Kettle Valley Railway

Discoveries of silver and other minerals in the southeastern mountains (Kootenays) of British Columbia and the fear of American domination inspired mining companies and Canadian Pacific Railway (CPR) to construct the Kettle Valley Railway. In 1914 the dream of a ‘Coast to Kootenay’ rail line of over 500 kilometres length was fulfilled: Canada’s most challenging railway to build and to maintain has snaked through harsh terrain as it had to cross rugged mountain ranges such as the Okanagan Highland and Cascade Mountains.

But with an annual average of twelve meters of snow in the Cascade Mountains, it was not surprising that avalanches and landslides severely afflicted the KVR, as the rail line was called.

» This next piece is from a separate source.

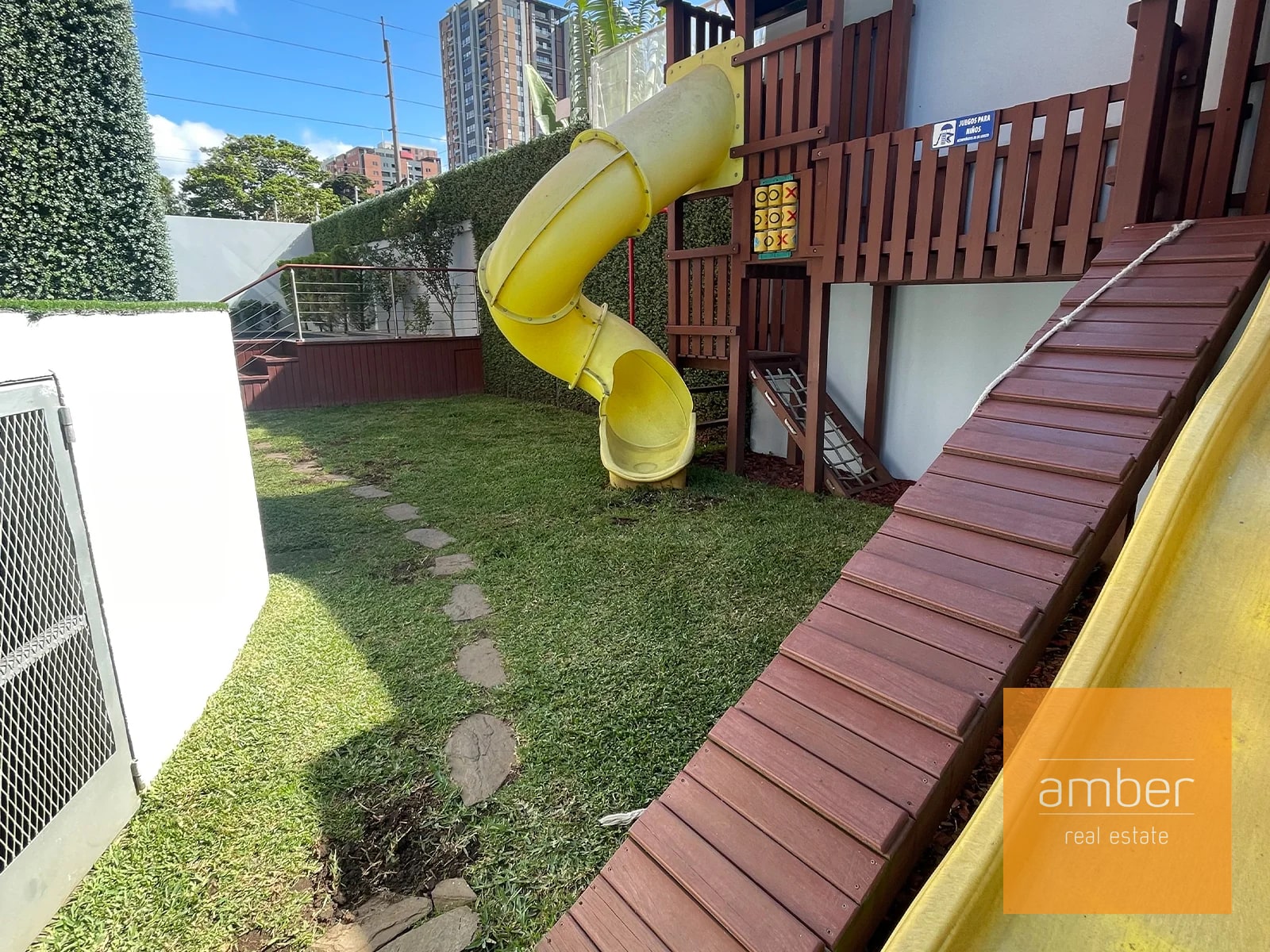 Apartamento en Vivalt, Zona 10 — Apartamento en Alquiler en Vivalt, Zona 10, Guatemala, Ciudad — foto 5 de 6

Also huge maintenance costs and increasing competition from motor vehicles and air traffic forced the authorities since the sixties, to gradually give up all sections of the KVR and connecting rail lines. As the lifeline to BC’s Southern Interior the KVR will be fondly remembered by those who experienced her influence on an entire generation.

With its track removal the abandoned railbed of the KVR  corridor has become highly suitable to backcountry cycling. This true wilderness trail winds through various landscapes such as mountains, lakes, forests, desert, and the orchards and vineyards of the Okanagan. Beautiful scenery and fascinating relics of the past railway era with exciting places to discover make this unique rail corridor a truly desirable destination. The successful ‘rails-to-trails’ conversion of this ‘Spirit of 2010 Trail’ system is capable of attracting numerous bikers, hikers, horseback riders and cross-country skiers to explore BC’s glorious outdoors.

Until the KVR will be discovered and be ‘threatened’ to become as crowded as the legendary Danube Cycle Path our tour groups may not encounter any humans for days as we bike on this incredible rail trail.